Other than that, the first patch could be similar to how it is now, 
incorporating Hugh's improvements to the first patch to put everything under 
the same stat_lock in shmem_reserve_inode.

What do you folks think?

Thanks,

Chris
Hugh Dickins Jan. 13, 2020, 6:58 a.m. UTC | #14
On Wed, 8 Jan 2020, Mikael Magnusson wrote:
> 
> It's unfortunately not true that everything handles this correctly.
> 32-bit binaries for games on Steam that use stat() without the 64 is
> so prevalent that I got tired of adding the LD_PRELOAD wrapper script
> and just patched out the EOVERFLOW return from glibc instead. (They
> obviously don't care about the inode value at all, and I don't use any
> other 32-bit binaries that do). This is probably a class of binaries
> you don't care very much about, and not very likely to be installed on
> a tmpfs that has wrapped around, but I thought it was worth mentioning
> that they do exist anyway.

Thank you for alerting us to reality, Mikael: not what any of us wanted
to hear, but we do care about them, and it was well worth mentioning.

Hugh
Hugh Dickins Jan. 13, 2020, 7:36 a.m. UTC | #15
On Fri, 10 Jan 2020, Chris Down wrote:
> Hugh Dickins writes:
> > Dave, Amir, Chris, many thanks for the info you've filled in -
> > and absolutely no need to run any scan on your fleet for this,
> > I think we can be confident that even if fb had some 15-year-old tool
> > in use on its fleet of 2GB-file filesystems, it would not be the one
> > to insist on a kernel revert of 64-bit tmpfs inos.
> > 
> > The picture looks clear now: while ChrisD does need to hold on to his
> > config option and inode32/inode64 mount option patch, it is much better
> > left out of the kernel until (very unlikely) proved necessary.
> 
> Based on Mikael's comment above about Steam binaries, and the lack of
> likelihood that they can be rebuilt, I'm inclined to still keep inode{64,32},
> but make legacy behaviour require explicit opt-in.
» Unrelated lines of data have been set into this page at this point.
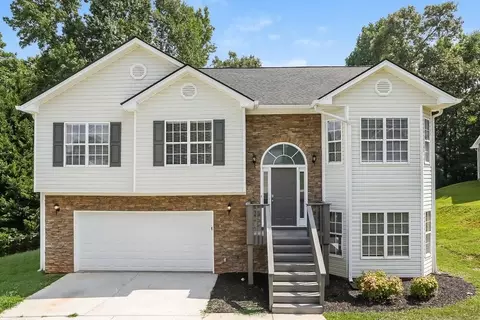 80 Pebble Brooke Ct, Covington, GA 30016
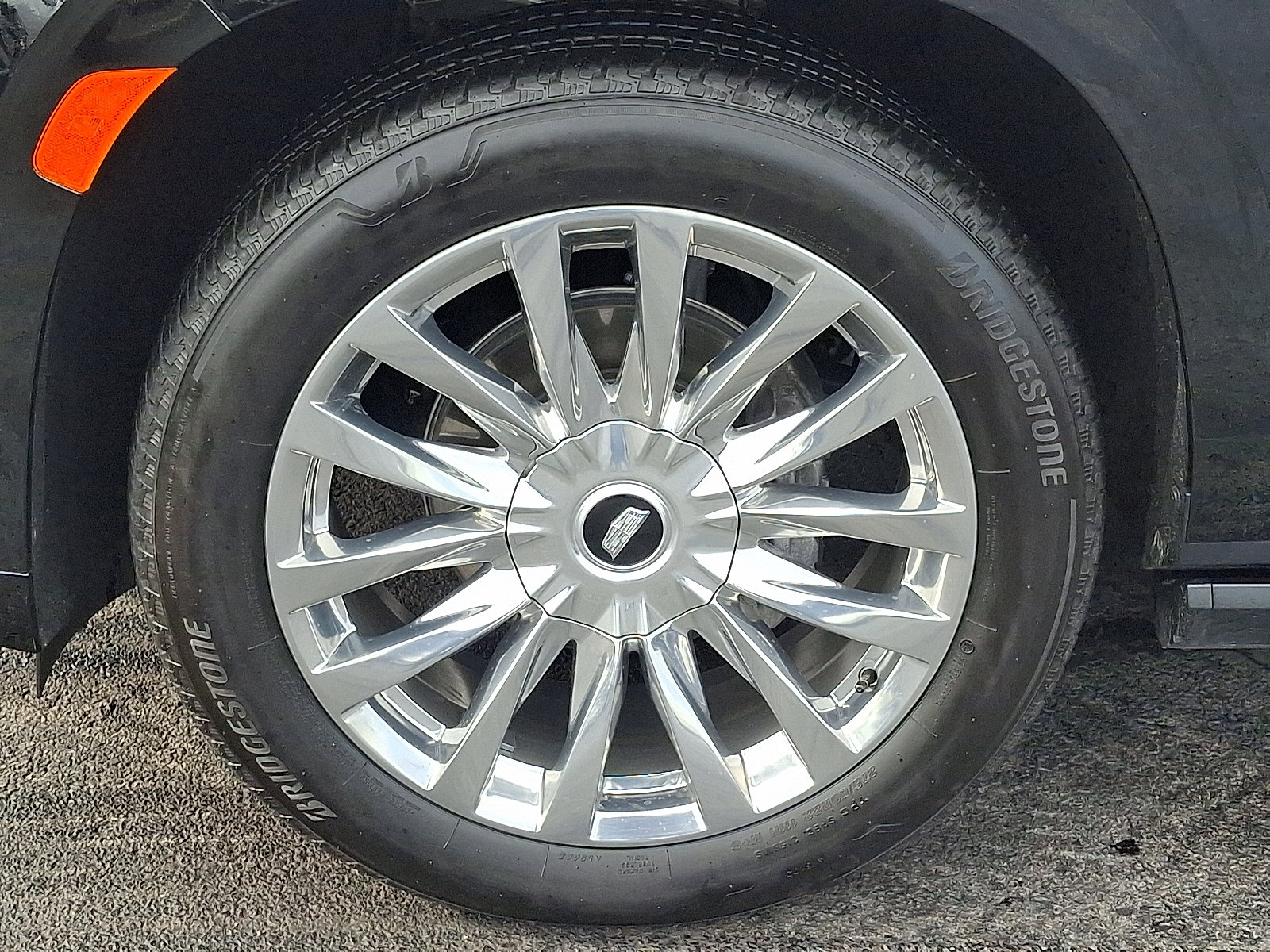 Certified 2024 Cadillac Escalade ESV Premium Luxury w/ Performance Package image 10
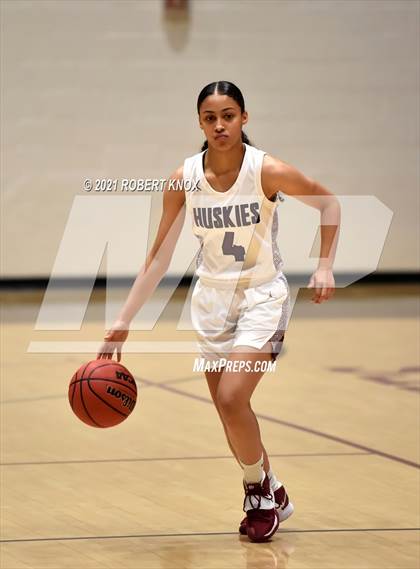 Thumbnail 1 in Perry @ Hamilton (AIA 6A Quarterfinal) photogallery.
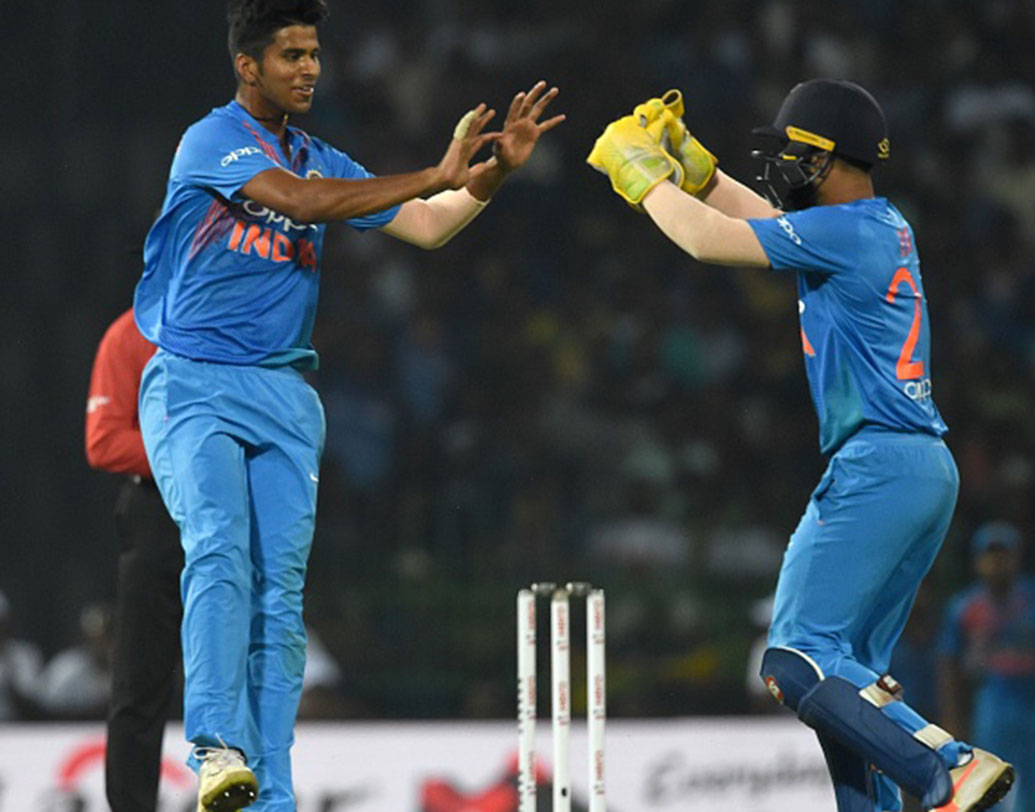 ওয়াশিংটন সুন্দর: গত আইপিএল-এ নজর কেড়েছেন। সে জন্য ফের ভারতীয় দলের সুযোগ পেয়ে গিয়েছেন।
That is:
> 
> - Default it to inode64
> - Remove the Kconfig option
> - Only print it as an option if tmpfs was explicitly mounted with inode32
> 
> The reason I suggest keeping this is that I'm mildly concerned that the kind
> of users who might be impacted by this change due to 32-bit _FILE_OFFSET_BITS
> -- like the not-too-uncommon case that Mikael brings up -- seem unlikely to
> be the kind of people that would find it in an rc.

Okay.  None of us are thrilled with it, but I agree that
Mikael's observation should override our developer's preference.

So the "inode64" option will be accepted but redundant on mounting,
but exists for use as a remount option after mounting or remounting
with "inode32": allowing the admin to switch temporarily to mask off
the high ino bits with "inode32" when needing to run a limited binary.

Documentation and commit message to alert Andrew and Linus and distros
that we are risking some breakage with this, but supplying the antidote
(not breakage of any distros themselves, no doubt they're all good;
but breakage of what some users might run on them).

> 
> Other than that, the first patch could be similar to how it is now,
> incorporating Hugh's improvements to the first patch to put everything under
> the same stat_lock in shmem_reserve_inode.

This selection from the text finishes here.